Mercredi, trois députés du Rassemblement national se sont rendus sur le campus de Villetaneuse (Seine-Saint-Denis) pour, selon eux, « vérifier sur place (…) l’entrisme islamiste ». Les images de cette visite ont été publiées sur leurs comptes X et ont rapidement suscité une réaction des acteurs universitaires.
Les faits rapportés par les élus
Les députés Julien Odoul (Yonne), Philippe Ballard (Oise) et Laurent Jacobelli (Moselle) ont diffusé des vidéos et des commentaires affirmant avoir constaté, sur le campus, des signes d’une présence musulmane organisée et des manifestations idéologiques hostiles.
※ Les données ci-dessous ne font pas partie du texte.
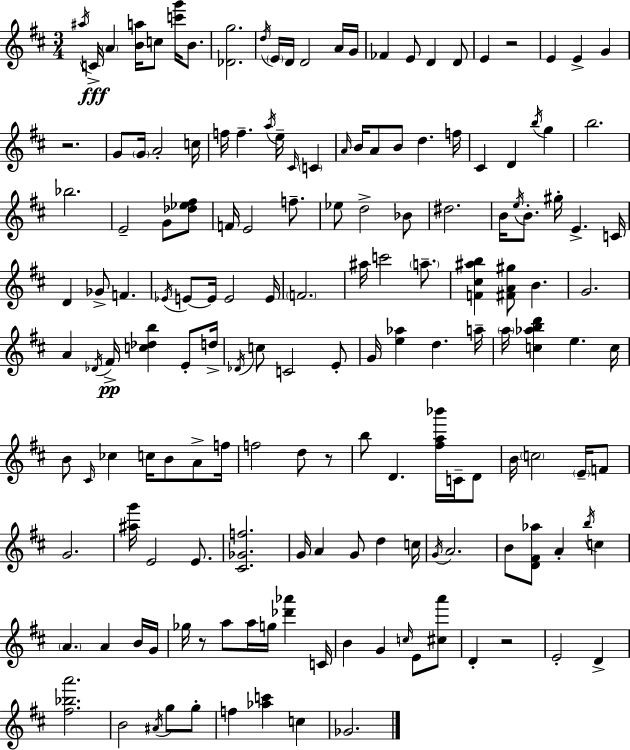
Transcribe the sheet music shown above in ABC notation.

X:1
T:Untitled
M:3/4
L:1/4
K:D
^a/4 C/4 A [Ba]/4 c/2 [c'g']/4 B/2 [_Dg]2 d/4 E/4 D/4 D2 A/4 G/4 _F E/2 D D/2 E z2 E E G z2 G/2 G/4 A2 c/4 f/4 f a/4 e/4 ^C/4 C A/4 B/4 A/2 B/2 d f/4 ^C D b/4 g b2 _b2 E2 G/2 [_d_e^f]/2 F/4 E2 f/2 _e/2 d2 _B/2 ^d2 B/4 e/4 B/2 ^g/4 E C/4 D _G/2 F _E/4 E/2 E/4 E2 E/4 F2 ^a/4 c'2 a/2 [F^c^ab] [^FA^g]/2 B G2 A _D/4 ^F/4 [c_db] E/2 d/4 _D/4 c/2 C2 E/2 G/4 [e_a] d a/4 a/4 [c_abd'] e c/4 B/2 ^C/4 _c c/4 B/2 A/2 f/4 f2 d/2 z/2 b/2 D [^fa_b']/4 C/4 D/2 B/4 c2 E/4 F/2 G2 [^ag']/4 E2 E/2 [^C_Gf]2 G/4 A G/2 d c/4 G/4 A2 B/2 [D^F_a]/2 A b/4 c A A B/4 G/4 _g/4 z/2 a/2 a/4 g/4 [_d'_a'] C/4 B G c/4 E/2 [^ca']/2 D z2 E2 D [^f_ba']2 B2 ^A/4 g/2 g/2 f [_ac'] c _G2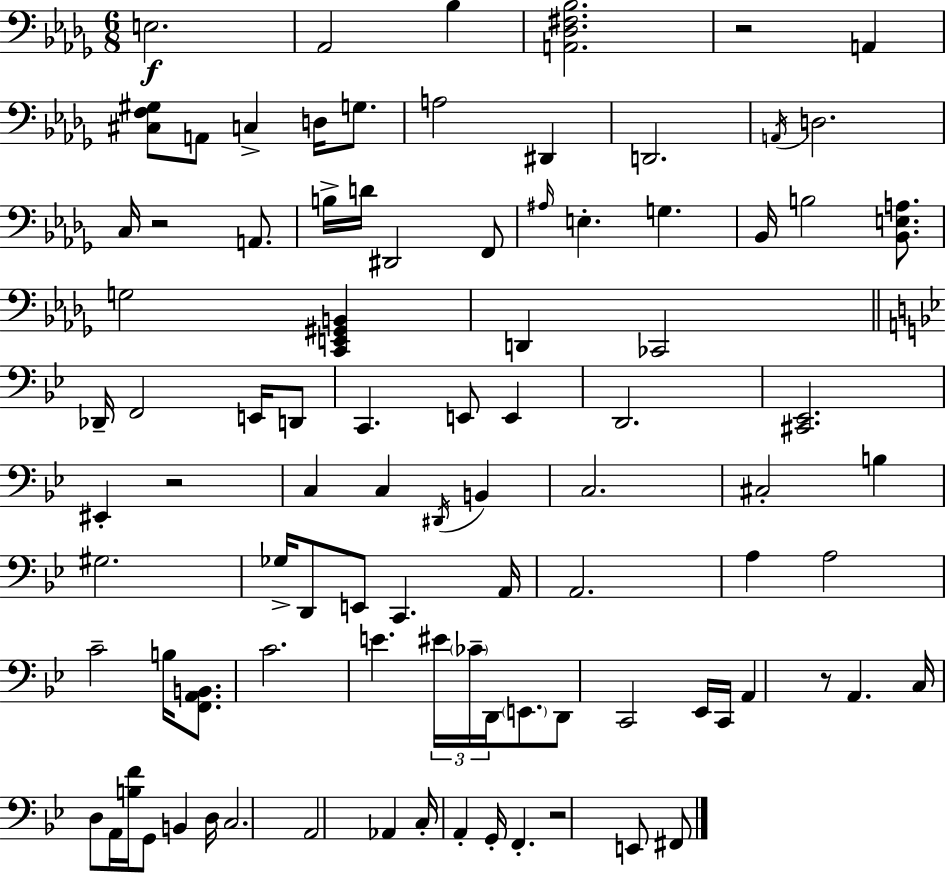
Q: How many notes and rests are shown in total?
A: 93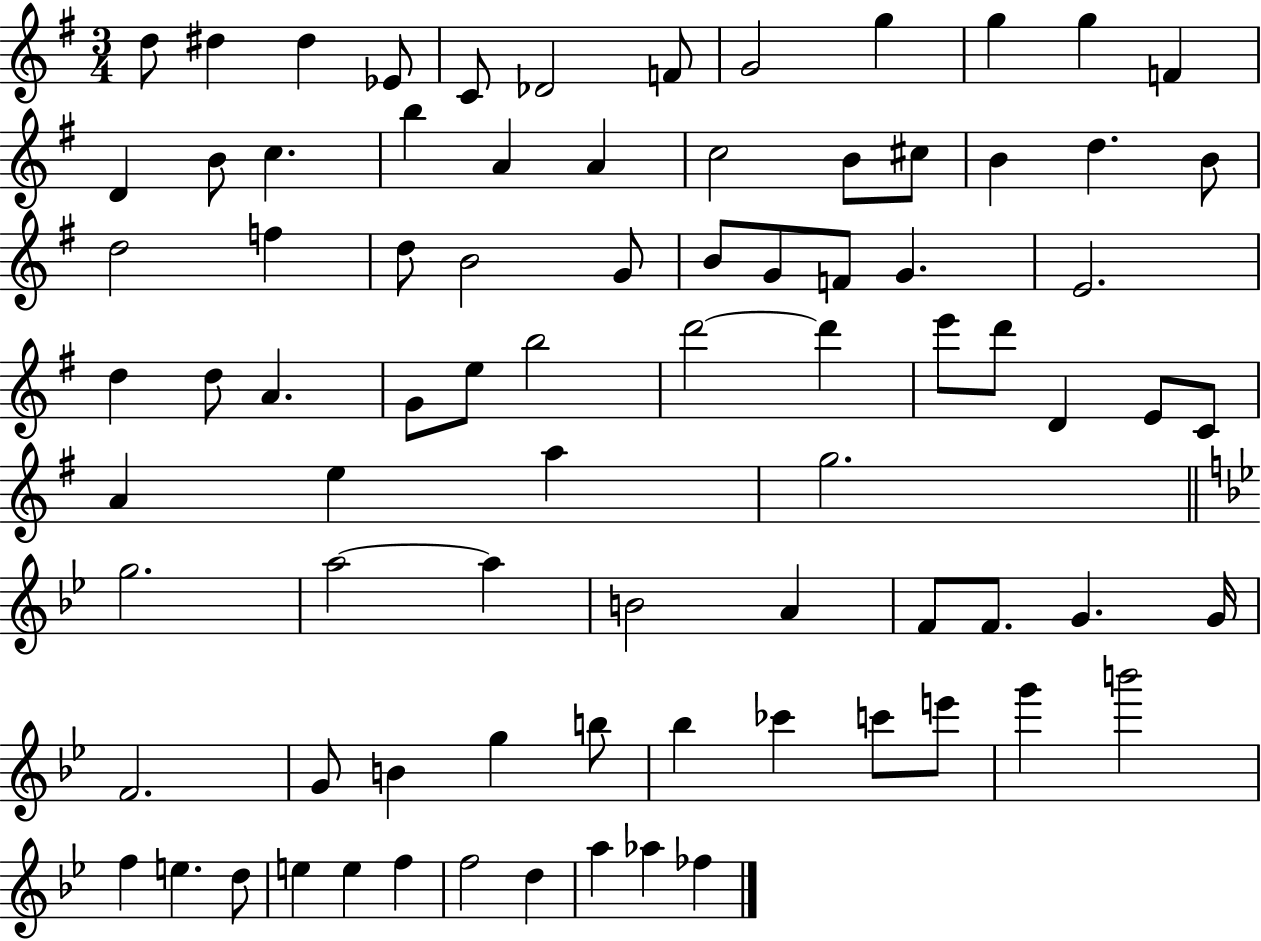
{
  \clef treble
  \numericTimeSignature
  \time 3/4
  \key g \major
  d''8 dis''4 dis''4 ees'8 | c'8 des'2 f'8 | g'2 g''4 | g''4 g''4 f'4 | \break d'4 b'8 c''4. | b''4 a'4 a'4 | c''2 b'8 cis''8 | b'4 d''4. b'8 | \break d''2 f''4 | d''8 b'2 g'8 | b'8 g'8 f'8 g'4. | e'2. | \break d''4 d''8 a'4. | g'8 e''8 b''2 | d'''2~~ d'''4 | e'''8 d'''8 d'4 e'8 c'8 | \break a'4 e''4 a''4 | g''2. | \bar "||" \break \key bes \major g''2. | a''2~~ a''4 | b'2 a'4 | f'8 f'8. g'4. g'16 | \break f'2. | g'8 b'4 g''4 b''8 | bes''4 ces'''4 c'''8 e'''8 | g'''4 b'''2 | \break f''4 e''4. d''8 | e''4 e''4 f''4 | f''2 d''4 | a''4 aes''4 fes''4 | \break \bar "|."
}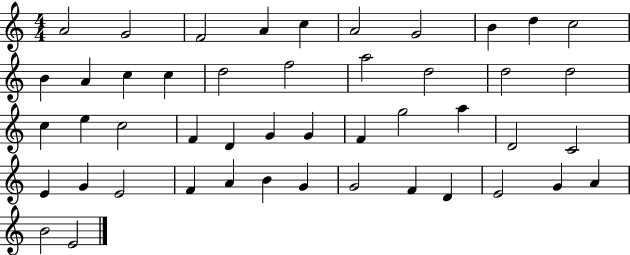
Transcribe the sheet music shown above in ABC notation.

X:1
T:Untitled
M:4/4
L:1/4
K:C
A2 G2 F2 A c A2 G2 B d c2 B A c c d2 f2 a2 d2 d2 d2 c e c2 F D G G F g2 a D2 C2 E G E2 F A B G G2 F D E2 G A B2 E2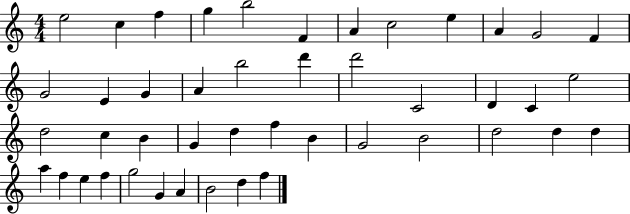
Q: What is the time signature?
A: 4/4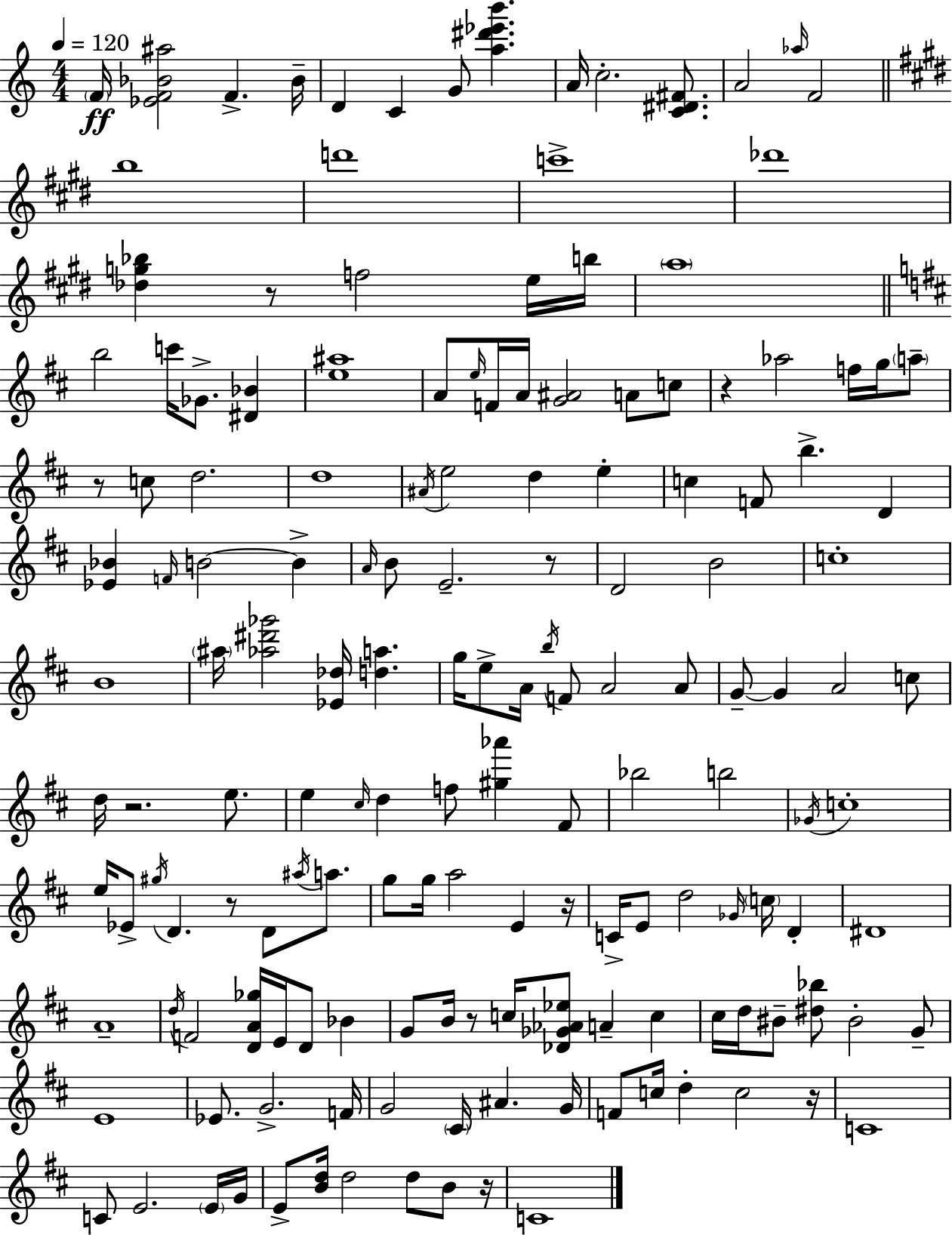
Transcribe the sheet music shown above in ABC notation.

X:1
T:Untitled
M:4/4
L:1/4
K:Am
F/4 [_EF_B^a]2 F _B/4 D C G/2 [a^d'_e'b'] A/4 c2 [C^D^F]/2 A2 _a/4 F2 b4 d'4 c'4 _d'4 [_dg_b] z/2 f2 e/4 b/4 a4 b2 c'/4 _G/2 [^D_B] [e^a]4 A/2 e/4 F/4 A/4 [G^A]2 A/2 c/2 z _a2 f/4 g/4 a/2 z/2 c/2 d2 d4 ^A/4 e2 d e c F/2 b D [_E_B] F/4 B2 B A/4 B/2 E2 z/2 D2 B2 c4 B4 ^a/4 [_a^d'_g']2 [_E_d]/4 [da] g/4 e/2 A/4 b/4 F/2 A2 A/2 G/2 G A2 c/2 d/4 z2 e/2 e ^c/4 d f/2 [^g_a'] ^F/2 _b2 b2 _G/4 c4 e/4 _E/2 ^g/4 D z/2 D/2 ^a/4 a/2 g/2 g/4 a2 E z/4 C/4 E/2 d2 _G/4 c/4 D ^D4 A4 d/4 F2 [DA_g]/4 E/4 D/2 _B G/2 B/4 z/2 c/4 [_D_G_A_e]/2 A c ^c/4 d/4 ^B/2 [^d_b]/2 ^B2 G/2 E4 _E/2 G2 F/4 G2 ^C/4 ^A G/4 F/2 c/4 d c2 z/4 C4 C/2 E2 E/4 G/4 E/2 [Bd]/4 d2 d/2 B/2 z/4 C4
Sur X, Laurent Jacobelli a déclaré avoir « constaté (…) une omniprésence du voile islamique, des couloirs tapissés d’affiches d’extrême gauche appelant à la violence, et des insultes proférées par des étudiants militants totalement acquis aux thèses de La France insoumise ».
Julien Odoul, présent sur place, a répondu aux questions du site Boulevard Voltaire. Les trois députés se réfèrent aussi à un article de l’hebdomadaire Valeurs actuelles daté du 17 octobre, qui présentait le campus comme « le temple du communautarisme musulman ». Dans leurs publications, ils présentent leur visite comme une vérification de ces allégations.
La riposte de l’université et de l’association France Universités
La présidence de Sorbonne Paris Nord a condamné « avec la plus grande fermeté » cette intervention, qualifiée d’« intrusion » et d’« inacceptable », sur son site Internet. L’université affirme que les élus et des journalistes ont pénétré sur le campus « sans aucune autorisation préalable » et que des « captations vidéos » ont été réalisées « sans consentement ».
France Universités, association qui réunit 75 présidents d’universités et d’écoles publiques d’enseignement supérieur, a publié jeudi 27 novembre une plainte formelle contre cette « intrusion (…) inacceptable ». L’association a dénoncé « une nouvelle instrumentalisation de l’université » et a apporté « son plein soutien » à la présidente visée par l’incident.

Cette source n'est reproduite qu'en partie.